4.1 Broad Statement on Structure of the Industry
Australias hospital system comprises a mix of public and privately owned hospitals. Private hospitals provide a large proportion of Australias hospital services which would otherwise need to be met within the publicly funded Medicare system. State health systems are dependent on an appropriate private/public mix to ensure adequate provision of services. Victoria has one of the largest private hospital sectors in Australia, accounting for 29% of all occupied bed days, and 28% of all separations (ABS,1993/94).
The private sector has two components: not-for-profit (NFP) hospitals and for-profit (FP) hospitals. Charitable, religious and community controlled hospitals make up the NFP segment. Apart from the bush nursing hospitals, these have traditionally been the larger, more sophisticated facilities. However, the more recent trend is for the FP sector to rationalise and become larger (ie. consolidate into major chains) and/or develop as niche players.

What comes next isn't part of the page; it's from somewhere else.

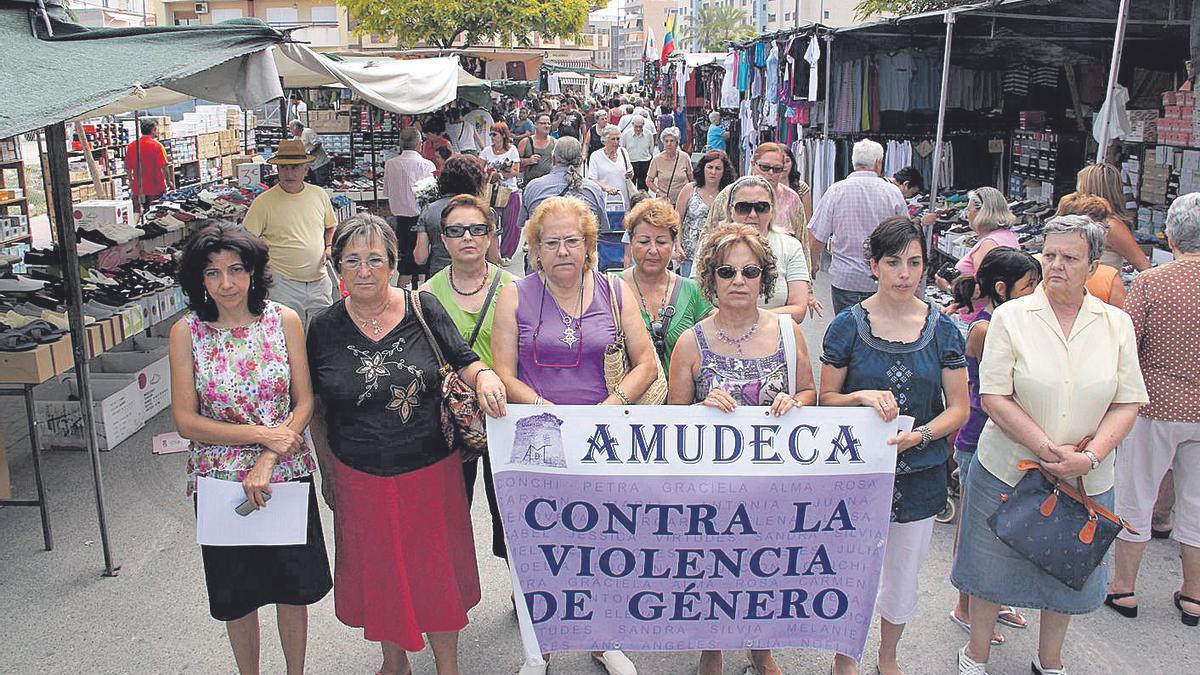La asociación acudía al mercadillo de El Campello en la lucha contra la violencia de género.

Traditionally, public and private hospitals have been distinguished on the basis of the level of medical care and the relative complexity of services provided, with only a small degree of substitutability between the services offered by each. Historically, the private hospital sector was largely a cottage industry. However, this has also changed in recent years, given that the (now numerous) larger private hospitals have undertaken significant investment in equipment, facilities etc. in order to provide more complex services including cardiac, orthopaedic, plastic and neurological procedures.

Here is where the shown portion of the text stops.